В то время как была свежа еще память о бесчинствах в Италии наемников Вителлия, когда, как писал об этом Тацит, ни положение, ни возраст не могли оградить от насилия, спасти от смерти и разноплеменная солдатня грабила храмы и рвала на части красивых девушек, Плутарх пишет трактаты о доблестях воинской службы и долге перед отечеством. Как всегда, он приводит примеры из славного прошлого, когда у военачальников в мыслях не было заискивать перед солдатами и все «войско было подобно могучему телу, которое собственных побуждений не знает и движимо лишь волею полководца». Он дает целый ряд советов тем, кто решил испытать себя на воинском поприще, пространно рассуждает о том, что «воины восхищаются больше всего не теми, что раздают почести и деньги, а теми, кто делит с ними труды и опасности, и любят не тех, кто позволяет им бездельничать, а тех, кто по своей воле трудится вместе с ними». И спокойные эти рассуждения кажутся в чем-то непонятными в обстановке нарастающего страха перед солдатней, все больше превращающейся в самодовлеющею силу, страха, который проглядывает даже у Тацита.

Те, кто отдавали собственные города на разграбление варварам под значками римских легионов, не читали трактатов Плутарха, не знали о самом его существовании. В то же время в последние столетия своего угасающего могущества империя все-таки выдвинула несколько здравомыслящих правителей и способных военачальников, пекущихся о судьбе государства, и одним из таких был Траян, посещавший как будто бы лекции Плутарха.

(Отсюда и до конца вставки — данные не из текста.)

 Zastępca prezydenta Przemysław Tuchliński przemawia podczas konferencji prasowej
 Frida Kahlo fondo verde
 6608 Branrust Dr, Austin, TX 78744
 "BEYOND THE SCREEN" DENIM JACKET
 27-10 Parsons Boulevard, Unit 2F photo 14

Хотя их общий мир казался еще достаточно крепким, нарастающее предчувствие конца отодвигало в глубь истории былые обиды, те страдания потерпевших поражение, от которых призывал замкнуться в абсолютном бесстрастии Эпикур. И для Плутарха было самым главным сохранить хотя бы то, что есть, не допустить новой внутренней смуты в империи, потому что какая-то из этих самоубийственных распрей, как это было в Элладе, может оказаться последней. «Пожар редко начинается с храма или общественной постройки, — пишет он в „Наставлении о государственных делах“, — но светильник, позабытый в доме, или домашний мусор, занявшийся огоньком, не раз были причиной великого пламени и общественного бедствия; так и смуту в городе не всегда разжигают честолюбивые препирательства из-за общественных дел, но зачастую от личных столкновений происходит раздор, который перекидывается на общественную жизнь и возмущает весь народ». И здесь он рассуждает как настоящий грек, для которого все причины и следствия, все взаимосвязи рождаются и остаются внутри замкнутого, как некий сфейрос, греческого, а теперь грекоримского мира, а внешних сил, иных миров как будто бы не существует, как нет и общего потока времени, с его одинаковыми для всего сущего законами. Как на сцене обветшалого театра, он убеждает ни чего не трогать и продолжать играть затверженные роли, как будто вокруг ничего не происходит, в то время как прямо из амфитеатра к орхестре уже уверенно пробираются другие протагонисты.

Возможно, что рационально необъяснимое убеждение Плутарха и том, что у них еще есть будущее, проистекало из его глубокой религиозности, непоколебимой веры в бесконечно долгую жизнь души и, может быть, даже ее новое воплощение, по сравнению с чем казалось несущественным столь далекое от совершенства теперешнее земное бытие. Возможно, этим же объяснялось и его неизменное спокойствие. Как будто бы перелистывалась, страница за страницей, огромная книга, в которой не было конца. Именно этот второй план его жизни придавал особое измерение его лекциям, которые привлекали все большее внимание римской образованной публики. В Плутархе начинают видеть не только знатока философии, но и мудреца вроде тех, о которых он пишет в «Пире семи мудрецов», обращаются к нему за советами в житейских вопросах и даже как своего рода третейскому судье.